Clean Power Plan Legal Battle Begins
Early last week, the U.S. Environmental Protection Agency (EPA) released its final version of the Clean Power Plan, the federal regulation designed to reduce carbon dioxide emissions from fossil fuel-fired power plants by roughly one-third from 2005 levels.
Mere days after the final rule was released, Elbert Lin, solicitor general of West Virginia (and a speaker at ALEC’s 42nd Annual Meeting in late July), submitted an application to EPA requesting an administrative stay on behalf of 16 states (West Virginia, in addition to Alabama, Arizona, Arkansas, Indiana, Kansas, Kentucky, Louisiana, Nebraska, Ohio, Oklahoma, South Carolina, South Dakota, Utah, Wisconsin, and Wyoming). In granting a stay, EPA could temporarily set aside implementation of the rule until the courts have had a chance to review the legality of the regulation. Unsurprisingly, Lin’s deadline of 4:00 PM EST on August 7th came and went without any action from EPA.
According to a report in the Wall Street Journal, industry representatives and state attorneys general are currently preparing lawsuits that will soon be filed against EPA. These legal challenges will likely consist of a couple different arguments:
- In 1990, Congress passed amendments updating the Clean Air Act. In doing so, the Senate and the House of Representatives inadvertently adopted two versions worded slightly differently. Despite this ambiguity, it appears that EPA cannot regulate under 111 existing facilities in source categories already regulated under §112. Since EPA’s illegally promulgated MATS rule falls under §112, regulating greenhouse gas emissions from power plants under §111 could be problematic. Unsurprisingly, EPA has interpreted the statute in a way that grants the agency wide latitude in regulating greenhouse gas emissions.
- The Clean Power Plan will compel states and utilities to make significant changes in how electricity is generated in each state. Instead of merely requiring that certain technologies be installed on affected units (i.e., inside the fence of the power plant), EPA will direct states to deploy greater amounts of renewables or natural gas to generate electricity (i.e., outside the fence). This transformation of a state’s utility mix appears to go far beyond the hitherto scope of EPA, which is to merely establish “standards of performance for any existing source.”

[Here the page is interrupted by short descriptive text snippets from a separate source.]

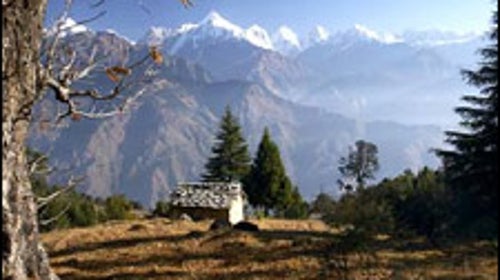 The Himalayas in Northern India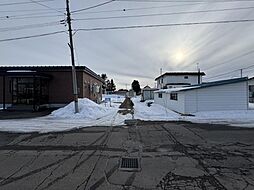 帯広市川西町基線　土地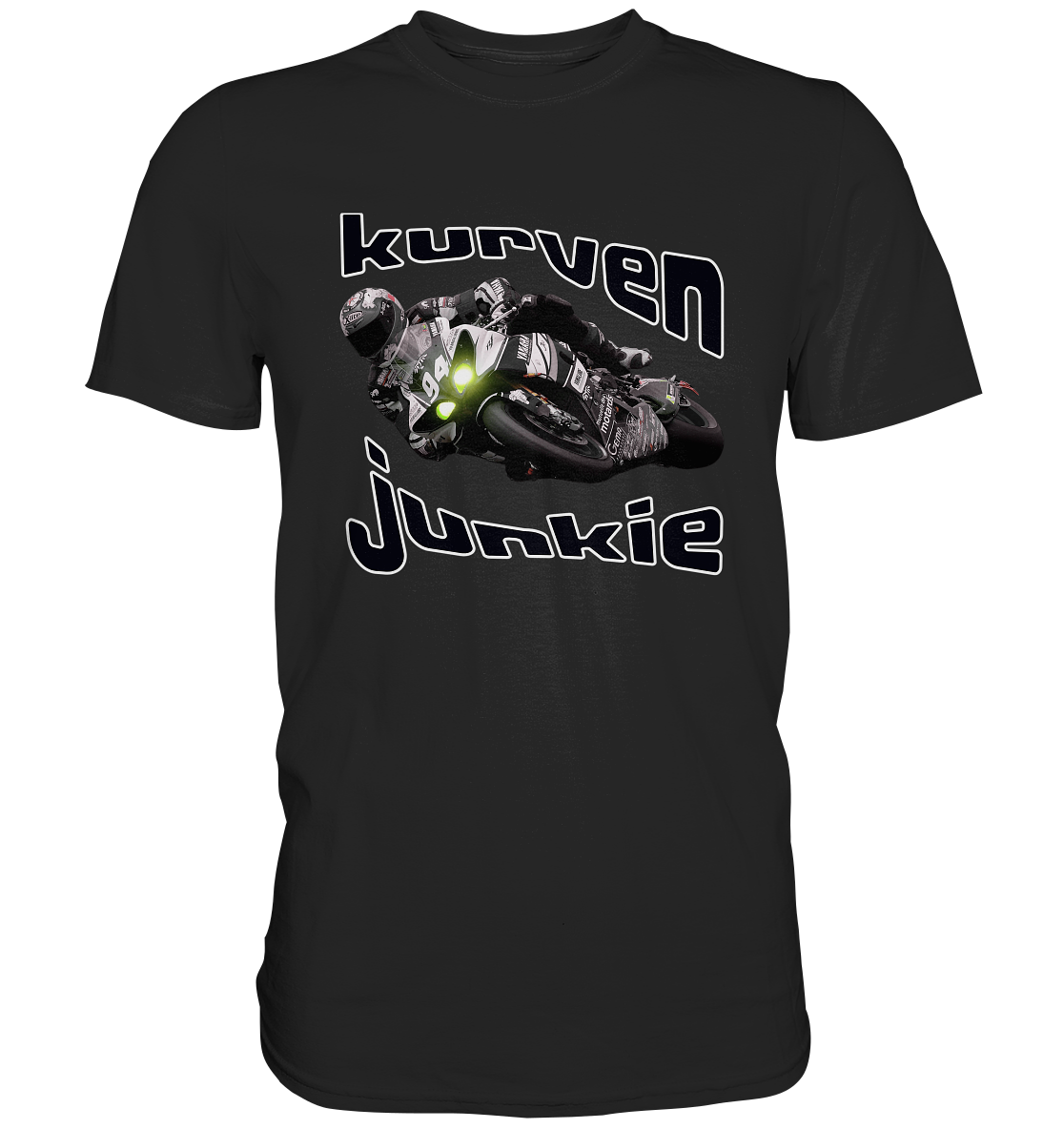 Kurven Junkie - Classic Shirt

As the Clean Power Plan is litigated and courts inevitably turn to whether or not EPA reasonably interpreted the ambiguous statute in the 1990 Amendments to the Clean Air Act, it might be worth keeping a couple recent Supreme Court developments related to the Chevron Deference in mind:
- In the recently decided case King v. Burwell, the Court, despite upholding the federal subsidies for residents of states that do not create exchanges, declined to give deference to the administration’s interpretation of an ambiguous provision of the Affordable Care Act.
- In Michigan v. EPA, the Court ruled against EPA’s interpretation of the ambiguous phrase “appropriate and necessary” as not necessarily needing to consider compliance costs when developing the MATS rule.